A considerable number of studies have been conducted based on AI algorithms to monitor defects in the DED-arc process through molten pool images. Nevertheless, there is a scarcity of studies on DED-arc defect monitoring based on acoustic signals. This paper introduces an investigation into the monitoring of the DED-arc process using sound-based techniques. The objective is to develop a method for identifying DED-arc defects based on acoustic signals. The method employs the wavelet transform to convert acoustic signals into time–frequency diagrams to perform time–frequency analysis. In order to achieve the objective of defect monitoring, this study proposes the application of CNNs for the classification of time–frequency diagrams. The approach enables the identification of defects in real time with high accuracy, thereby enhancing the automation and intelligence of DED-arc.

2. Materials and Methods

DED-arc utilizes an arc to melt metal wires and deposit droplets in a layer-by-layer manner as the welding torch moves. Because of the inherent instability of the arc, a variety of defects may arise during the welding process, which can have a detrimental impact on the forming shape and performance of the formed parts [29]. In order to verify the initial effectiveness of the method in this study, the discontinuity and pore defects that are simpler to analyze were selected. This provided a solid foundation for the potential application of the method to other defect types. The arc acoustic signals encompass a multitude of information pertaining to the fabricating process [30]. Following the conversion of the acoustic signals into wavelet time–frequency diagrams, it became possible to consider the time and frequency characteristics of the signals in detail, thereby providing a foundation for the identification of defects. This study proposes a novel approach to train CNN models using 2D time–frequency diagrams converted from 1D acoustic signals generated during the welding process. The CNN models were used to extract features of the time–frequency diagrams, which were used to distinguish among normal conditions, discontinuity defects, and pore defects. Figure 1 provides an overview of the data processing and defect identification system.

The framework of this study is as follows. Initially, the acoustic signals of distinct welding conditions were gathered via experimentation, and wavelet denoising was used to eliminate excess noise. The denoising process employed in this work utilized the db4 wavelet with soft thresholding and four levels of decomposition. Then, the sliding window was applied to segment the data into batches of suitable size to expand the datasets. The next step in the process was time–frequency diagram conversion.

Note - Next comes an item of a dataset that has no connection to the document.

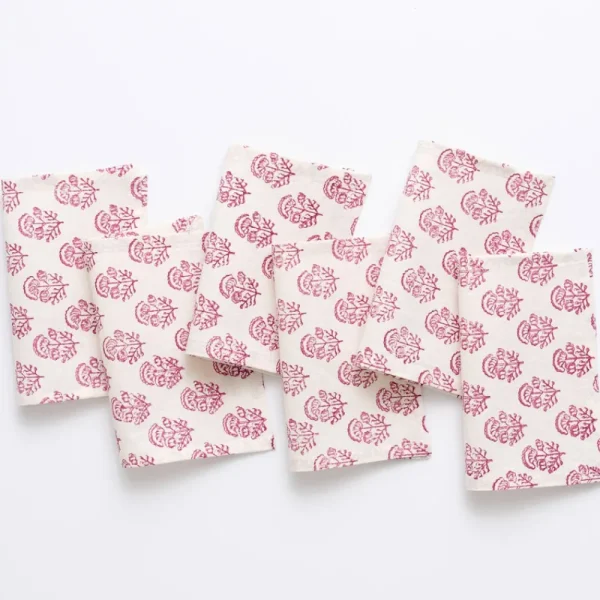 New Pomegranate Inc Anika Fuchsia Cocktail Napkins | Set of 6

The segmented acoustic signal samples were converted into wavelet time–frequency diagrams using wavelet transform to obtain and then label the dataset. The dataset was separated into distinct subsets, namely, a training set, a validation set, and a testing set, separately. The training set served as the basis for model training. The validation set was employed to fine-tune the hyperparameters of the model. The testing set was utilized for model assessment. Several classical and lightweight CNN architectures were investigated, including AlexNet, ResNet-18, VGG-16, and MobileNetV3.

2.1. Experimental Setup

The experimental setup, illustrated in Figure 2, includes a central computer, an Aotai welding machine (MIG 350 pulse, Aotai Electric Ltd., Jinan, China), a protective gas source, a microphone (MPA416, BSWA Technology Ltd., Beijing, China), an NI data acquisition card (PCIe-6361, National Instruments, Austin, TX, USA), a wire feeder, and a six-axis ESTUN robot (Estun Automation, Nanjing, China). The welding wire used for deposition was H08Mn2SiA with a diameter of 1.2 mm. A single-layer weld bead was deposited on the substrate in the experiment. The experiments were conducted on a Q235 substrate measuring 200 mm × 200 mm × 10 mm. During the welding process, arc acoustic pressure signals were acquired with a sampling rate of 40 kHz by the data acquisition card and microphone. The chemical composition of the welding wire is shown in Table 1. The detailed parameters for the microphone are presented in Table 2. The deep learning model was developed with Intel Core i7-13650HX (2.60 GHz) CPU (Intel, Santa Clara, CA, USA), NVIDIA GeForce RTX4060 (8 GB) GPU (NVIDIA, Santa Clara, CA, USA), Windows11 64bit operating system (Microsoft, Redmond, WA, USA), and python 3.10. Additionally, this study employed a range of libraries, including Pytorch 11.8, NumPy 1.23.5, Pandas 2.0.3, Matplotlib 3.7.1, and others.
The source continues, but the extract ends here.